[Mesa-dev] [PATCH] i965: Don't check for draw-time errors that cannot occur in core profile

Tue Sep 1 09:15:10 PDT 2015

On 08/31/2015 11:25 PM, Ilia Mirkin wrote:
> On Tue, Sep 1, 2015 at 1:48 AM, Eirik Byrkjeflot Anonsen
> <eirik at eirikba.org> wrote:
>> Ian Romanick <idr at freedesktop.org> writes:
>>
>>> ping. :)
>>>
>>> On 08/10/2015 11:48 AM, Matt Turner wrote:
>>>> On Mon, Aug 10, 2015 at 10:12 AM, Ian Romanick <idr at freedesktop.org> wrote:
>>>>> From: Ian Romanick <ian.d.romanick at intel.com>
>>>>>
>>>>> On many CPU-limited applications, this is *the* hot path.  The idea is
>>>>> to generate per-API versions of brw_draw_prims that elide some checks.
>>>>> This patch removes render-mode and "is everything in VBOs" checks from
>>>>> core-profile contexts.
>>>>>
>>>>> On my IVB laptop (which may have experienced thermal throttling):
>>>>>
>>>>> Gl32Batch7:     3.70955% +/- 1.11344%
>>>>
>>>> I'm getting 3.18414% +/- 0.587956% (n=113) on my IVB, , which probably
>>>> matches your numbers depending on your value of n.
>>>>
>>>>> OglBatch7:      1.04398% +/- 0.772788%
>>>>
>>>> I'm getting 1.15377% +/- 1.05898% (n=34) on my IVB, which probably
>>>> matches your numbers depending on your value of n.
>>>
>>> This is another thing that make me feel a little uncomfortable with the
>>> way we've done performance measurements in the past.  If I run my test
>>> before and after this patch for 121 iterations, which I have done, I can
>>> cut the data at any point and oscillate between "no difference" or X%
>>> +/- some-large-fraction-of-X%.  Since the before and after code for the
>>> compatibility profile path should be identical, "no difference" is the
>>> only believable result.
>>
>> That's pretty much expected, I believe. In essence, you are running 121
>> tests, each with a 95% confidence interval and so should expect
>> somewhere around 5 "significant difference" results. That's not entirely
>> true of course, since these are not 121 *independent* tests, but the
>> basic problem remains.
> 
> (more stats rants follow)
> 
> While my job title has never been 'statistician', I've been around a
> bunch of them. Just want to correct this... let's forget about these
> tests, but instead think about coin flips (of a potentially unfair
> coin). What you're doing is flipping the coin 100 times, and then
> looking at the number of times it came up heads and tails. From that
> you're inferring the mean of the distribution. Obviously the more
> times you do the flip, the more sure you can be of your result. The
> "suredness", is expressed as a confidence interval. A 95% CI means
> that for 95% such experiments (i.e. "flip a coin 100 times to
> determine its true heads:tails ratio"), the *true* mean of the
> distribution will lie within the confidence interval (and conversely,
> for 5% of such experiments, the true mean will be outside of the
> interval). Note how this is _not_ "the mean has a 95% chance of lying
> in the interval" or anything like that. One of these runs of 121
> iterations is a single "experiment".
> 
> Bringing this back to what you guys are doing, which is measuring some
> metric (say, time), which is hardly binomial, but one might hope that

For the particular test I'm looking at here, I think it should be
reasonably close.  The test itself runs a small set of frames a few
times (3 or 4) and logs the average FPS for the whole run.  It seems
like the "distribution of means is Gaussian" should apply, yeah?

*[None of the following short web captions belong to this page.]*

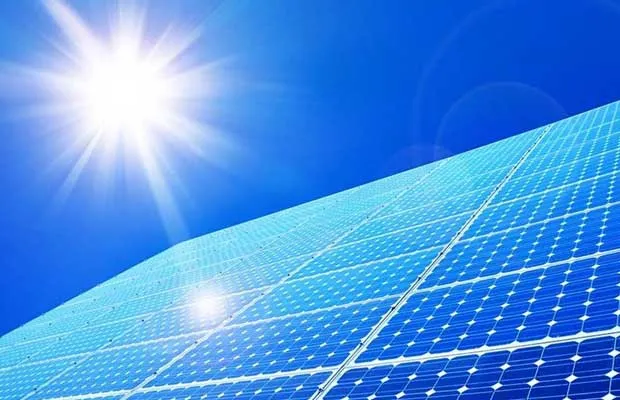 solar power supplied by Amplus Energy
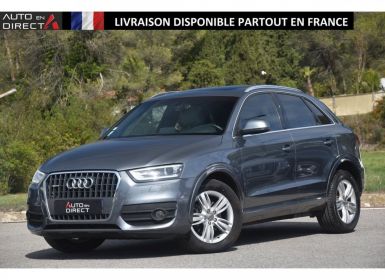 Vente Audi Q3 Quattro 2.0 TDI DPF - 177 - BV S-tronic Ambition Luxe PHASE 1 Occasion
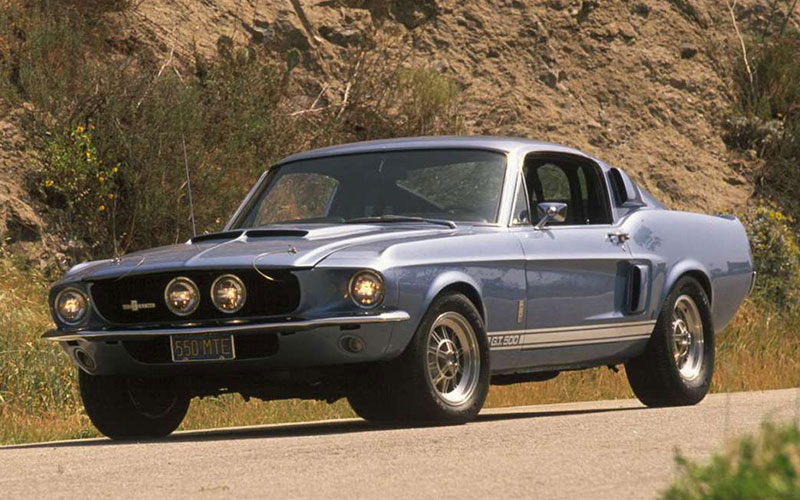 1967 Mustang Shelby GT500 - netcarshow.com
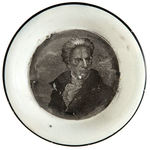 JACKSON CUP PLATE CIRCA 1820s.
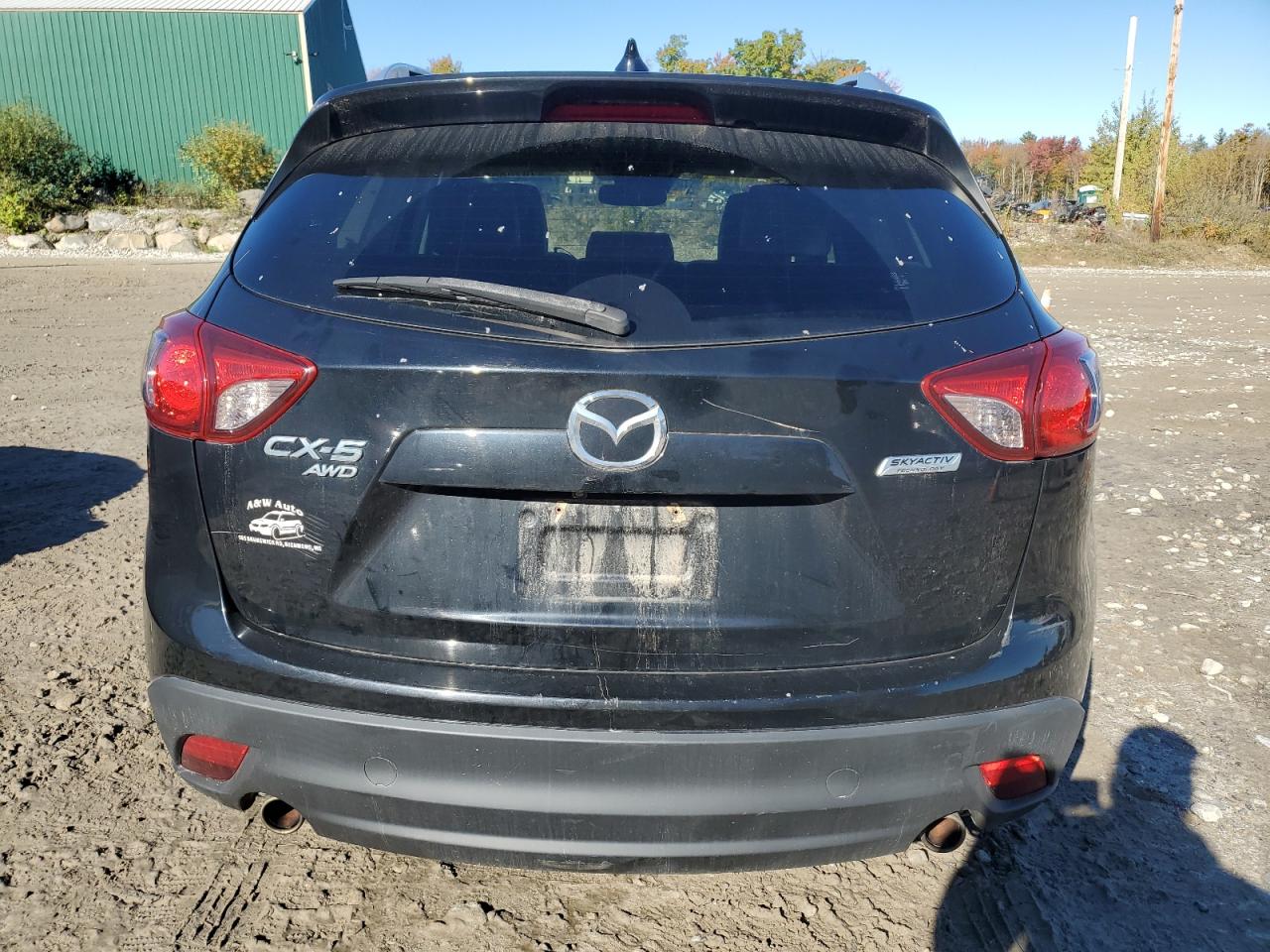 2015 Mazda Cx-5 Gt VIN: JM3KE4DY5F0537125 Lot: 74248544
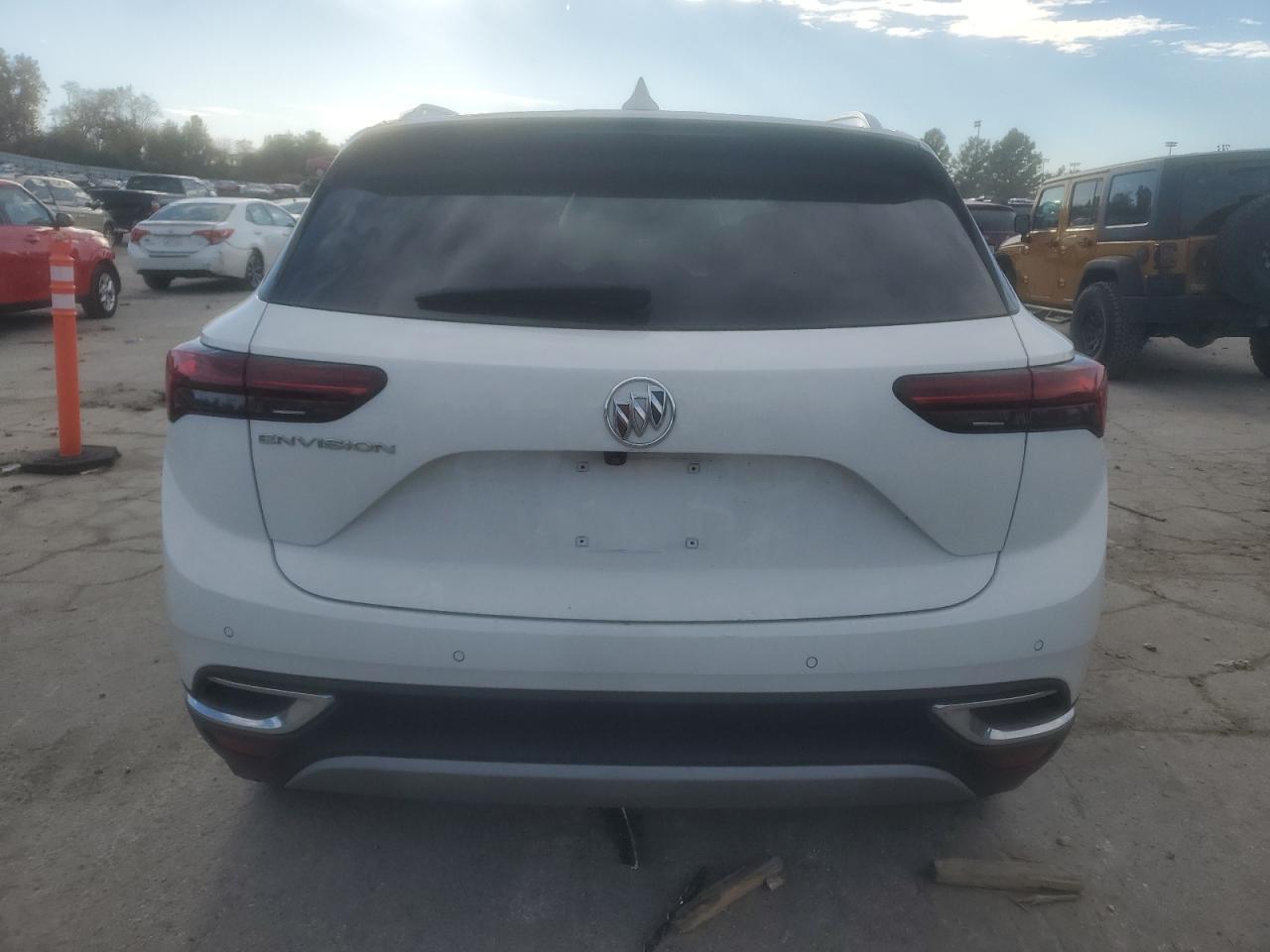 2023 Buick Envision Preferred VIN: LRBAZLR47PD056259 Lot: 92107405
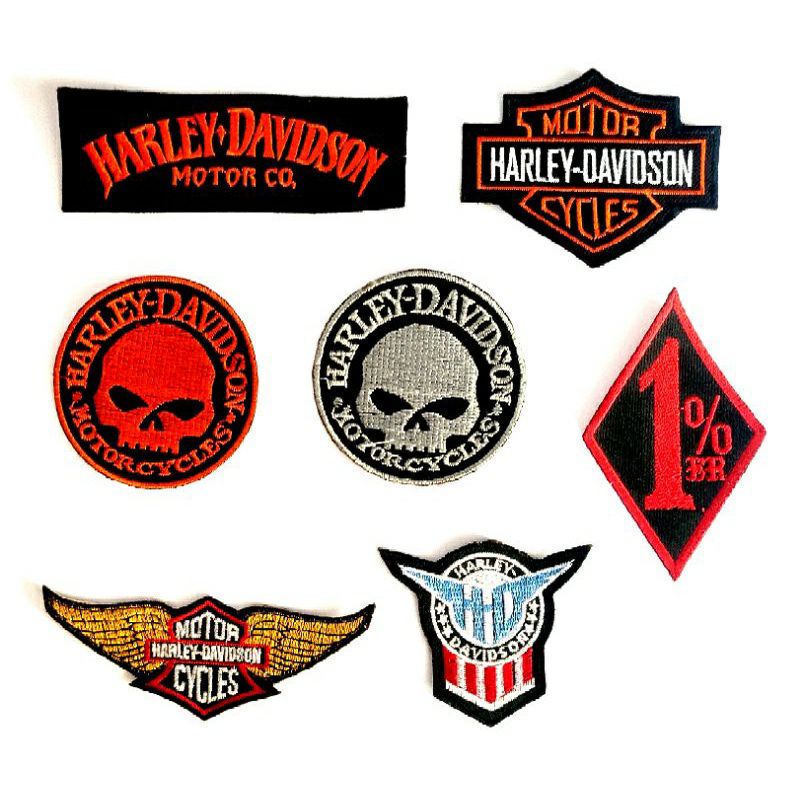 PATCH BORDIR HARLEY DAVIDSON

> the amount of time that a particular run takes on a particular machine
> at a particular commit is normal. Given that, after 100 runs, you can
> estimate that the "true" mean runtime is within a CI. You're then
> comparing 2 CI's to determine the % change between the two
> distributions, and trying to ascertain whether they are different and
> by how much.
> 
> Now, no (finite) amount of experimentation will bring you a CI of 0.
> So setting out to *measure* the impact of a change is meaningless
> unless you have some precise form of measurement (e.g. lines of code).
> All you can do is ask the question "is the change > X". And for any
> such X, you can compute the number of runs that you'd need in order to
> get a CI bound that is "that tight". You could work this out
> mathematically, and it depends on some of the absolute values in
> question, but empirically it seems like for 50 runs, you get a CI
> width of ~1%. If you're trying to demonstrate changes that are less
> than 1%, or demonstrate that the change is no more than 1%, then this
> is fine. If you want to demonstrate that the change is no more than
> some smaller change, well, these things go like N^2, i.e. if it's 50
> runs for 1%, it's 200 runs for 0.5%, etc.

That sounds familiar... that the amount of expected difference
determines the lower bound on the number of required experiments.  I did
take "Statistics for Engineers" not that long ago.  Lol.  I think I
still have my textbook.  I'll dig around in it.

For a bunch of the small changes, I don't care too much what the
difference is.  I just want to know whether after is better than before.

> This is all still subject to the normal distribution assumption as I
> mentioned earlier. You could do some empirical tests and figure out
> what the "not-a-normal-distribution" factor is for you, might be as
> high as 1.5.
> 
>   -ilia